Everyone from U.S. Senators to prominent hedge fund managers say that criminal naked short sellers had a hand in the financial collapse of 2008, but the regulators aren’t listening. Not a single criminal has been prosecuted. Indeed, the regulators continue to allow the miscreants to manipulate the markets — not just the stock markets, but also the markets for corporate bonds, derivatives, U.S. Treasuries, and all manner of commodities – even when the regulators are provided with indisputable evidence of a massive crime in progress. They could easily fix the flaws in the settlement system that allow much of the manipulation to occur, but they refrain from doing so either because they are too captured by the miscreants or too cowed by the possible consequences of throwing the lights on what may be an enormous confidence game.
So I am inclined to say that it is hopeless. Everyone loves an optimist – but, yes, it is hopeless. We are like the audience in one of those cheesy horror flicks – yell and scream all you like, but the dumb blonde is still going to walk into that room and get hacked to pieces. Except that it is not a movie. It is real. And it’s not just the dumb blonde who is going to get slaughtered. It is all of us. It is our economy. It is our standard of living. It is our financial system – the lifeblood of the nation.
The latest case of regulatory indolence was recently exposed by Andrew Maguire, a successful metals trader and whistleblower who went to the Commodity Futures Trading Commission with data that strongly suggested that a small number of criminal short sellers had rigged the markets for silver and gold. Maguire not only provided the regulators with a Dummies’ guide to how the manipulation generally worked, but also warned them of a specific crime – a dramatic take-down of the gold [SPDR Gold Trust (NYSE:GLD)] and silver [iShares Silver Trust (NYSE:SLV)] markets – that he said would occur at an exact time on a specific date in the near future. That is, Maguire told the regulators that a massive crime was about to happen, and the crime happened precisely as he predicted it would.
With Maguire’s warning, the regulators were able to watch a crime unfold, right before their eyes, in real time. Then the regulators thanked Maguire by saying, in essence, “you’re a nuisance, go away.” This is not just appalling, but scary, because the criminal activity that Maguire exposed is much bigger than the Madoff Ponzi scheme, and more likely to result in serious damage to the American economy. Indeed, there is a strong case to be made that our national security is at stake. As Maguire stated in a recent interview with King World radio, the manipulators have likely created a massive naked short position that can easily be exploited by foreign entities who might see financial or even political gain in eviscerating the dollar.

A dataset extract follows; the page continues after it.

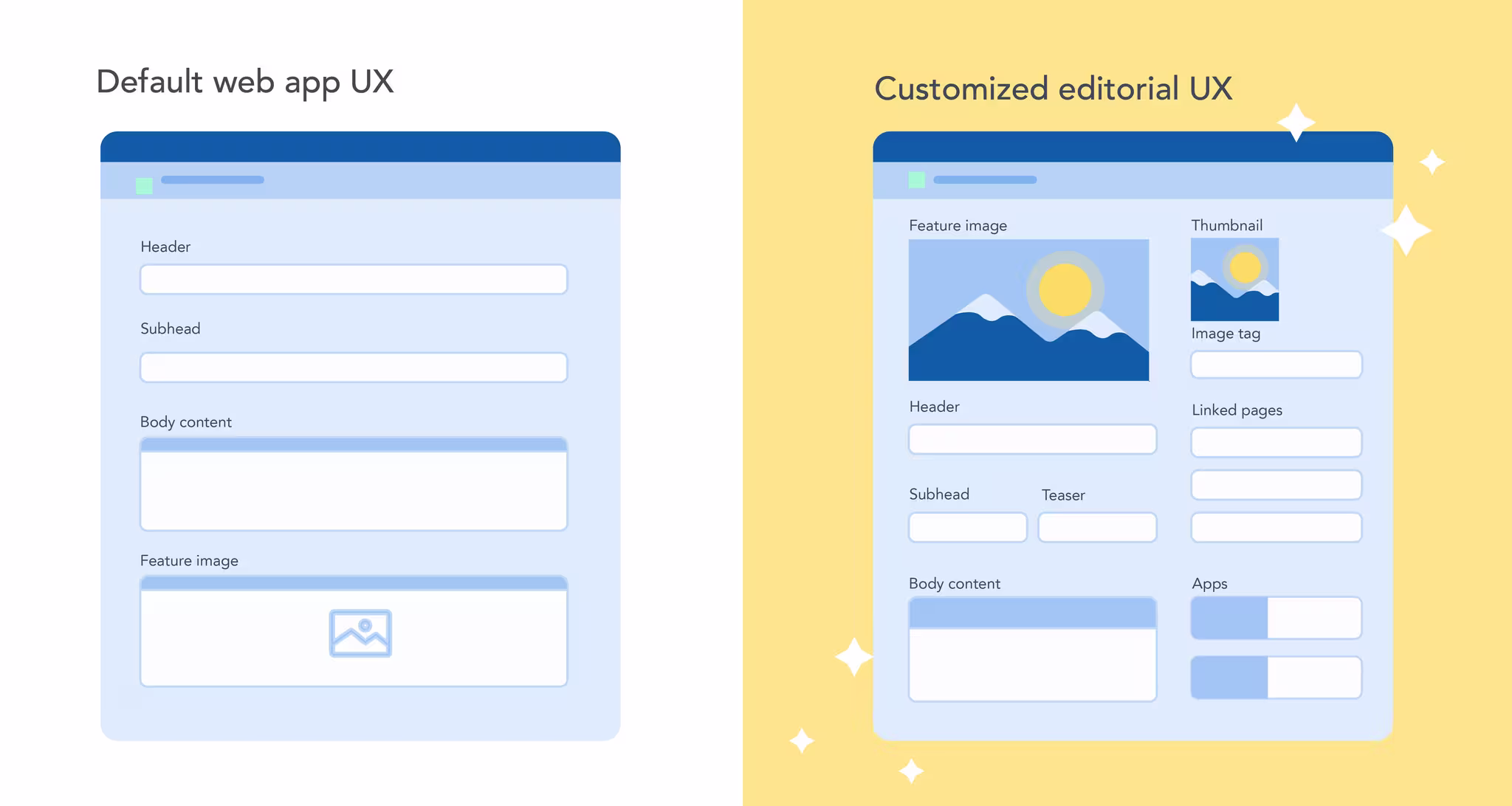 The flexibility of open-source editors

Maguire’s email exchange with the CFTC is remarkable reading. In one email he writes:
“Thought it may be helpful to your investigation if I gave you the heads up for a manipulative event scheduled for Friday, 5th Feb. The non-farm payrolls number will be announced at 8:30 ET. There will be one of two scenarios occurring, and both will result in silver (and gold) being taken down with a wave of short selling designed to take out obvious support levels and trip stops below. While I will no doubt be able to profit from this upcoming trade, it is an example of just how easy it is to manipulate a market if a concentrated position is allowed by a very small group of traders…I sent you a slide of a couple of past examples of just how this will play out.
“Scenario 1. The news is bad (employment is worse). This will have a bullish effect on gold and silver as the U.S. dollar weakens and the precious metals draw bids, spiking them higher. This will be sold into within a very short time (1-5 mins) with thousands of new short contracts being added, overcoming any new bids and spiking the precious metals down hard, targeting key technical support levels.
“Scenario 2. The news is good (employment is better than expected). This will result in a massive short position being instigated almost immediately with no move up. This will not initially be liquidation of long positions but will result in stops being triggered, again targeting key support levels.
“Both scenarios will spell an attempt by the two main short holders to illegally drive the market down and reap very large profits.”
It would be hard to get more specific than that. As Maguire says in the same email: “The question I would expect you might ask is: Who is behind the sudden selling and is it the entity/entities holding a concentrated position? How is it possible for me to know what will occur days before it will happen? Only if a market is manipulated could this possibly occur.”
The CFTC had previously had the courtesy to call Maguire and listen to his concerns, but by the time Maguire sent the message laying out the crime, the CFTC had stopped returning his emails. The regulator showed no real interest, and let the crime happen. After the crime occurred, Maguire wrote another email:
“A final email to confirm that the silver manipulation was a great success and played out EXACTLY to plan as predicted. How would this be possible if the silver market was not in the full control of the parties we discussed in our phone interview?…I hope you took note of how and who added the short sales (I certainly have a copy)…Surely some discussions should have taken place between the parties by now. Obviously they feel they can act with impunity…”
After that, Maguire sent several more emails detailing manipulation of the gold and silver markets. He received no replies. So he wrote a final email, providing still more evidence in support of his case and stating: “I have honored my commitment to assist you and keep any information we discuss private, however if you are going to ignore my information I will deem that commitment to have expired.”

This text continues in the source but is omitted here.